Franklin Pierce
Franklin Pierce became President at a time of apparent tranquility. The United
States, by virtue of the Compromise of 1850, seemed to have weathered its
sectional storm. By pursuing the recommendations of southern advisers, Pierce--a
New Englander--hoped to prevent still another outbreak of that storm. But his
policies, far from preserving calm, hastened the disruption of the Union.
Born in Hillsborough, New Hampshire, in 1804, Pierce attended Bowdoin College.
After graduation he studied law, then entered politics. At 24 he was elected to
the New Hampshire legislature; two years later he became its Speaker. During the
1830's he went to Washington, first as a Representative, then as a Senator.

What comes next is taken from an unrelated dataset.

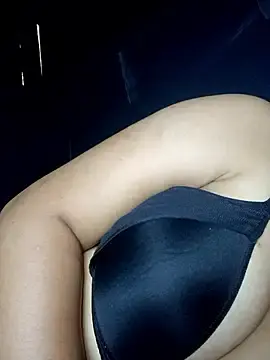 Stripchat Adult Webcams of Emelyzz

Pierce, after serving in the Mexican War, was proposed by New Hampshire friends
for the Presidential nomination in 1852. At the Democratic Convention, the
delegates agreed easily enough upon a platform pledging undeviating support of
the Compromise of 1850 and hostility to any efforts to agitate the slavery
question. But they balloted 48 times and eliminated all the well-known
candidates before nominating Pierce, a true "dark horse."Probably because the
Democrats stood more firmly for the Compromise than the Whigs, and because Whig
candidate Gen. Winfield Scott was suspect in the South, Pierce won with a narrow
margin of popular votes.
Two months before he took office, he and his wife saw their eleven-year-old son
killed when their train was wrecked. Grief-stricken, Pierce entered the
Presidency nervously exhausted.
In his Inaugural he proclaimed an era of peace and prosperity at home, and vigor
in relations with other nations. The United States might have to acquire
additional possessions for the sake of its own security, he pointed out, and
would not be deterred by "any timid forebodings of evil."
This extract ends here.